On the estate where I grew up, there was this wild tortoise. It was a pretty large estate in West London, comprising high-rises, low-block maisonettes and clusters of small houses. There were play areas, a network of concrete walkways and vast underground garages where local bad lads would hide in the daytime while bunking off school.
This tortoise just roamed free, wandering among buildings and gardens like any other local resident. As far as anyone knew, it was ownerless. Everyone on the estate knew it and would say hello when it slowly passed them by. It survived on whatever wild vegetation it could find plus the odd titbit left out by compassionate locals.
Nice story, right? Mind you, I haven’t visited that estate in years. For all I know a drug addict cooked and ate that tortoise years ago. Council estates, like any other parts of our communities, contain all sorts of different lives and fascinating stories – some good, some bad. I spent my whole childhood in social housing and have no grandiose conclusions to draw on the experience beyond the fact that there was never any central heating so it got fucking cold in winter.
The media like to report on social housing in a binary way: the people who live there are either dangerous dole scroungers or heroic families triumphing against the odds. The only constant is that to grow up in council accommodation is to be dealt a bad hand that you will struggle to recover from for the rest of your life.

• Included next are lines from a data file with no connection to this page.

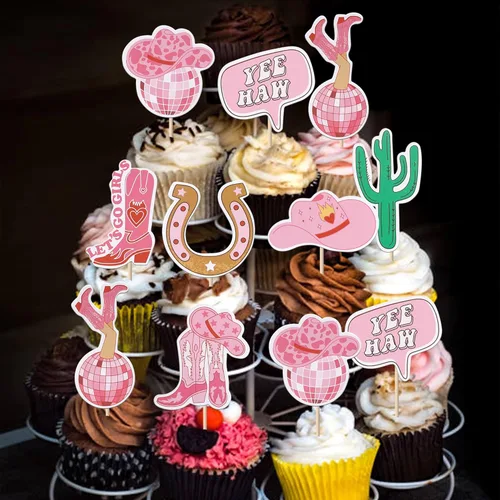 Vista 4 de 40 piezas de decoraciones para cupcakes de vaquera de doble cara con herradura, cactus, sombrero y bota, palillos para cupcakes, bola de discoteca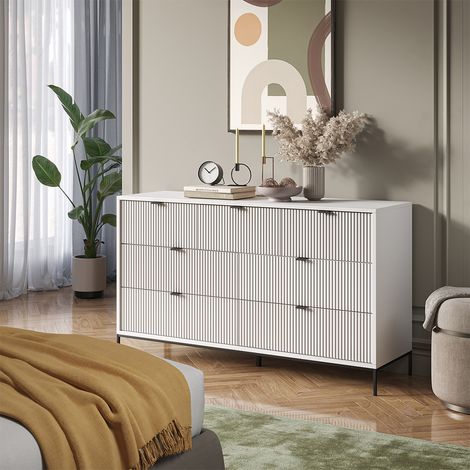 Sideboard Eliza, Blanc, 140 x 81 cm avec 7 tiroirs, Vicco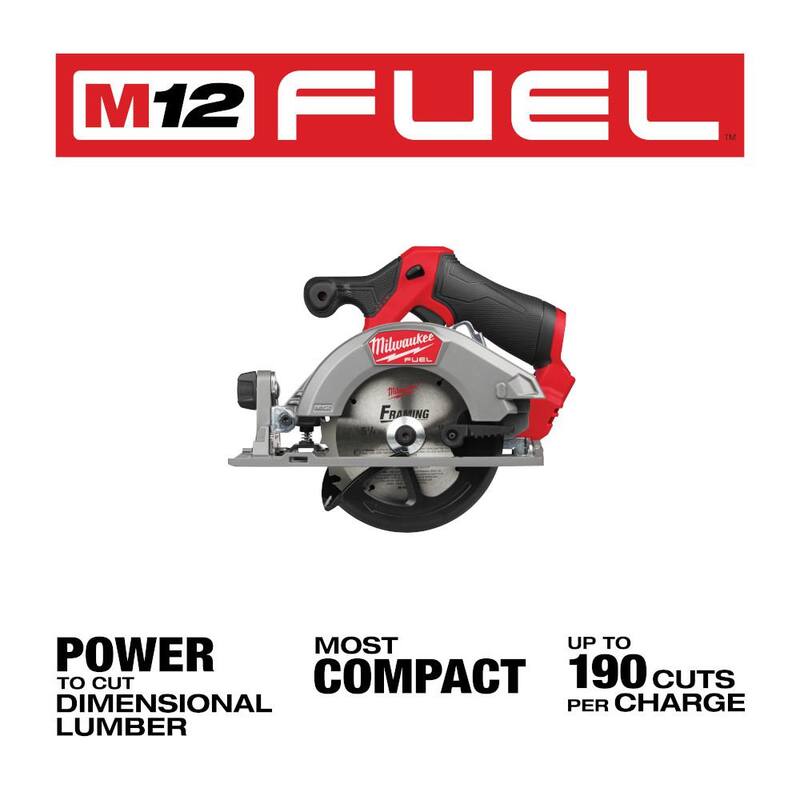 Milwaukee M12 FUEL 12V Lithium-Ion Brushless 5-3/8 in. Sierra Circular Inalámbrica (Sólo Herramienta) - 2521-20.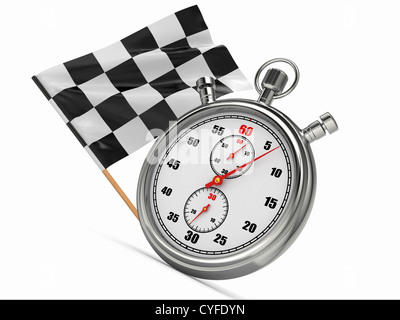 Chronomètre avec drapeau à damier. Commencer ou terminer. 3d Banque D'Images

Take The Guardian headline a few weeks back when Little Simz won Best Newcomer at The Brits: ‘Little Simz’s long path from council estate to Brit awards podium.’ I couldn’t understand why the lead take on a brilliant artist’s success was the sort of home she’d grown up in.
I mean, Little Simz is a rapper making music that documents urban life. If she’d grown up in a nice suburban semi that her parents had paid for using an inherited deposit and a small mortgage from a high street lender, her music would be a lot shitter and she probably wouldn’t have won the award. But if she had, her background would definitely have been more worthy of press scrutiny: ‘Rapper wins Brit despite growing up in generic middle-class tedium’ feels like much more of a reasonable news story.